===== Input records
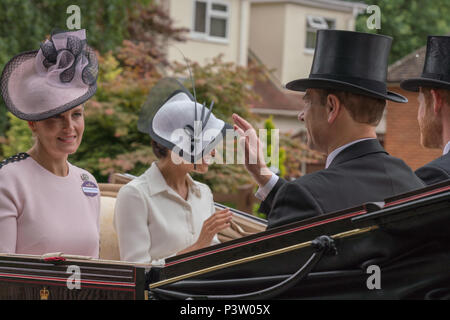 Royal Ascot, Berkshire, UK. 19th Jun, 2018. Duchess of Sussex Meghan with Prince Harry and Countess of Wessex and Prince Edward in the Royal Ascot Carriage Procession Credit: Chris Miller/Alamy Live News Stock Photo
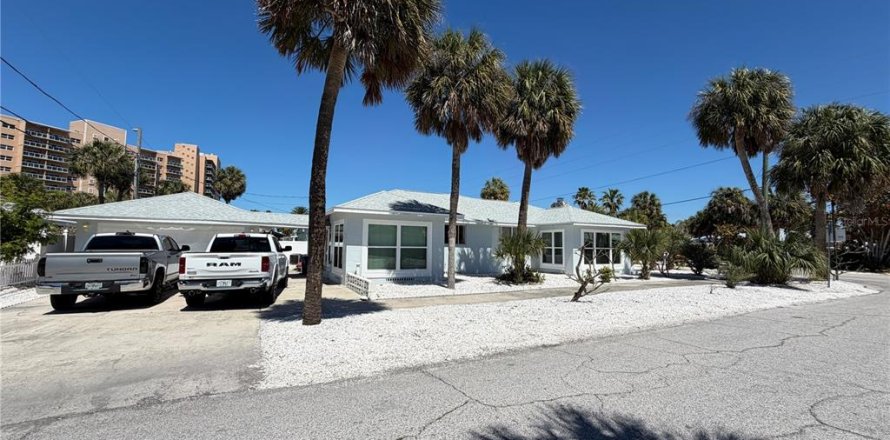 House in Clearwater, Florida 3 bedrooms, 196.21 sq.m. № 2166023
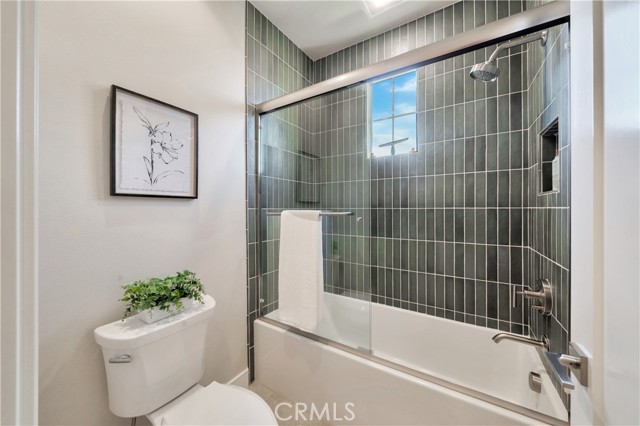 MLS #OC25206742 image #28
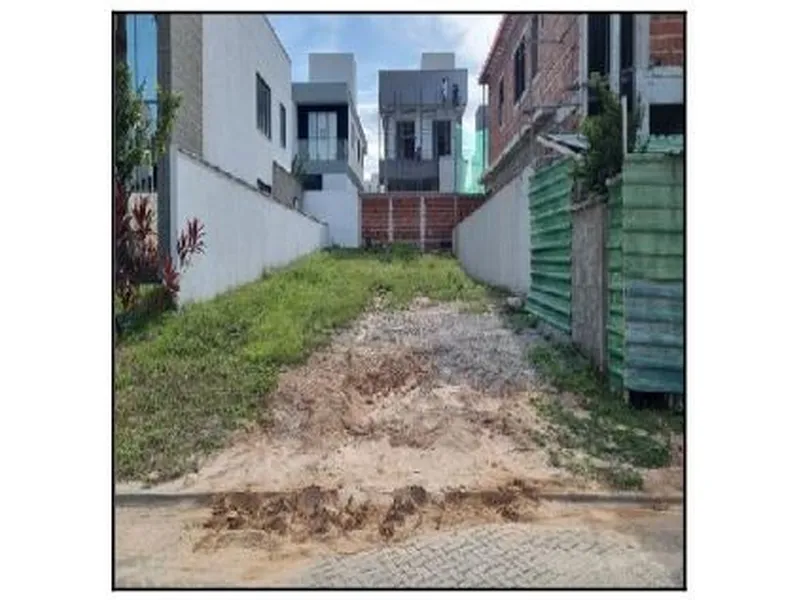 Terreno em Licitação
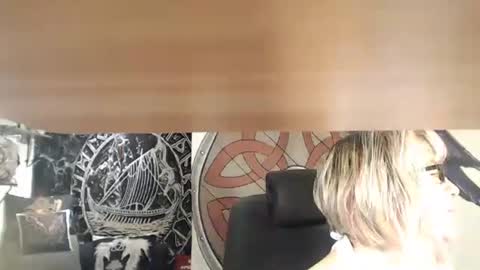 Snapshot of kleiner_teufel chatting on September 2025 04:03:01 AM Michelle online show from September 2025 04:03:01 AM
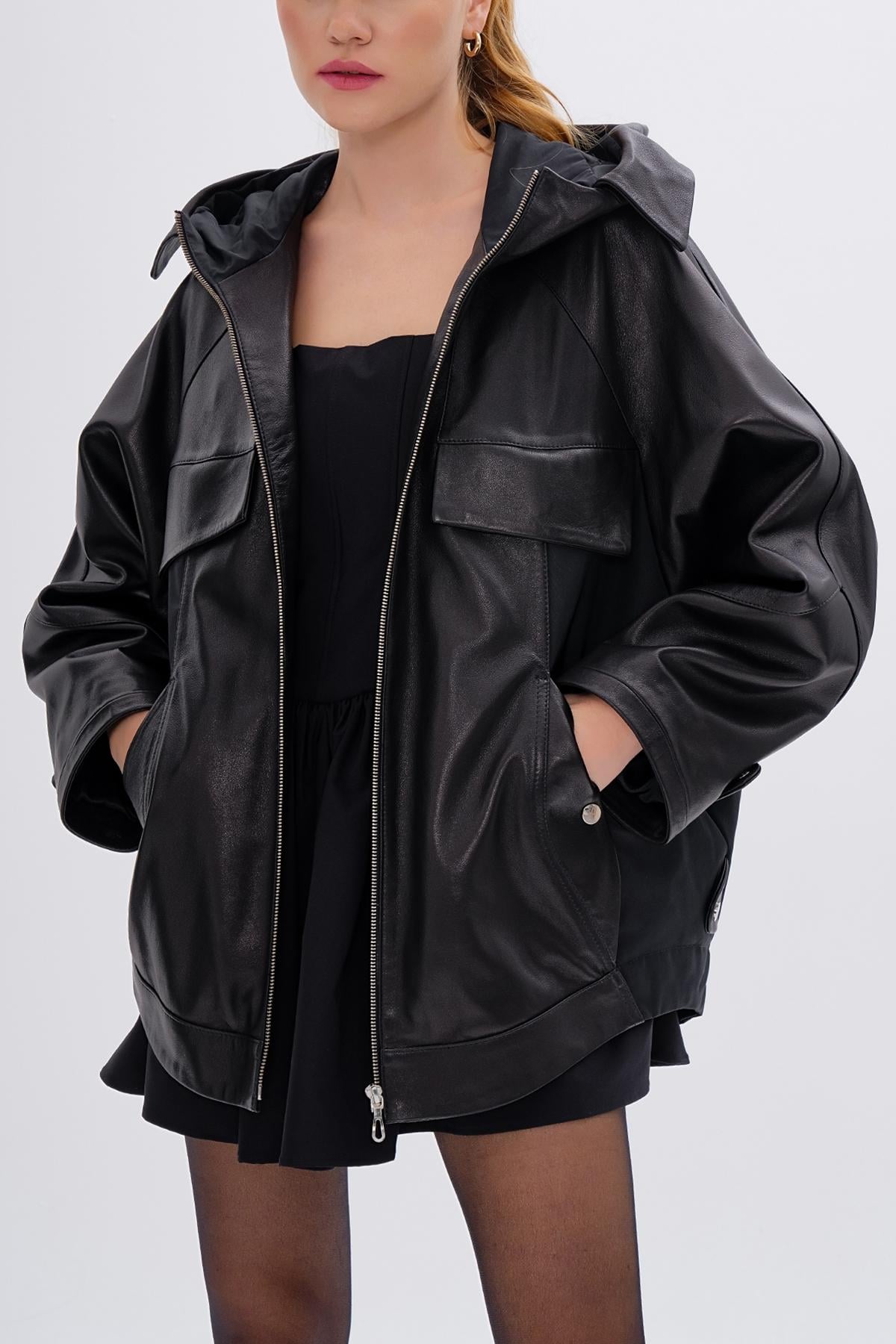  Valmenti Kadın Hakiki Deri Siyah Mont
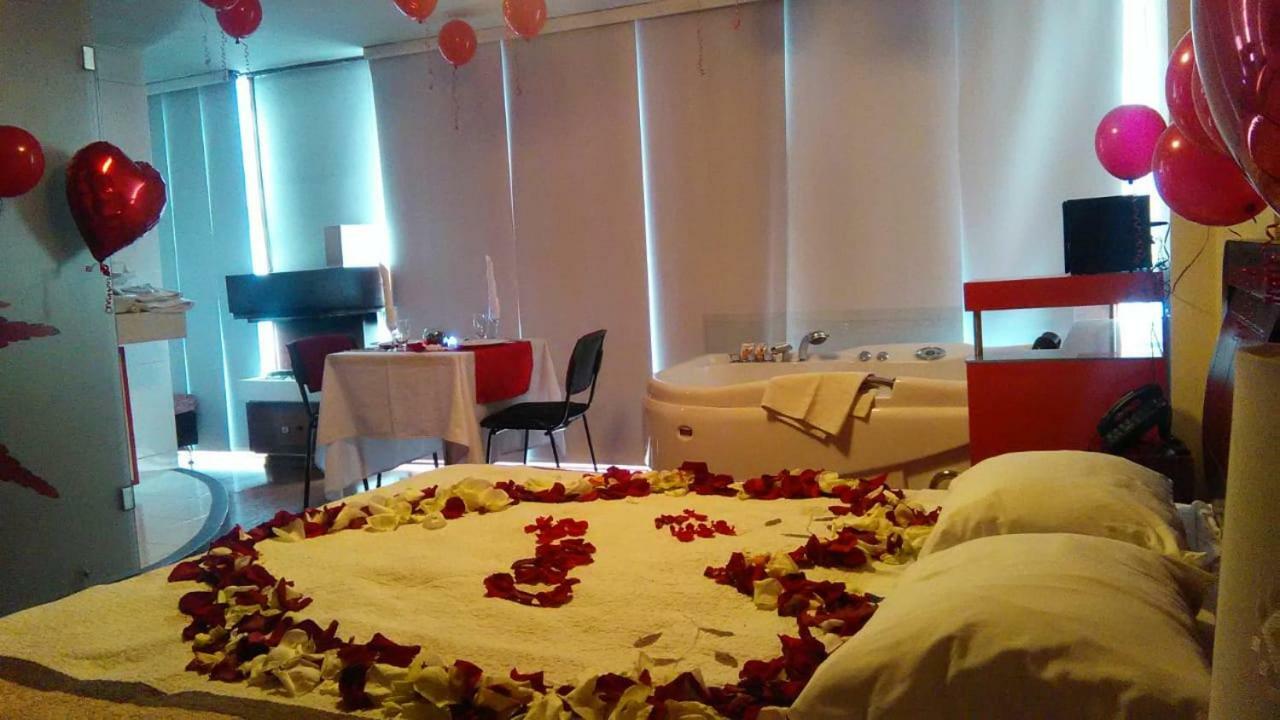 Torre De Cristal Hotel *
==========
What this task involves →
Only an exact copy of the lines from the top of the entries through the line with "Snapshot of kleiner_teufel", both included, should be given, with all pictures omitted.

The completed task →
 Royal Ascot, Berkshire, UK. 19th Jun, 2018. Duchess of Sussex Meghan with Prince Harry and Countess of Wessex and Prince Edward in the Royal Ascot Carriage Procession Credit: Chris Miller/Alamy Live News Stock Photo
 House in Clearwater, Florida 3 bedrooms, 196.21 sq.m. № 2166023
 MLS #OC25206742 image #28
 Terreno em Licitação
 Snapshot of kleiner_teufel chatting on September 2025 04:03:01 AM Michelle online show from September 2025 04:03:01 AM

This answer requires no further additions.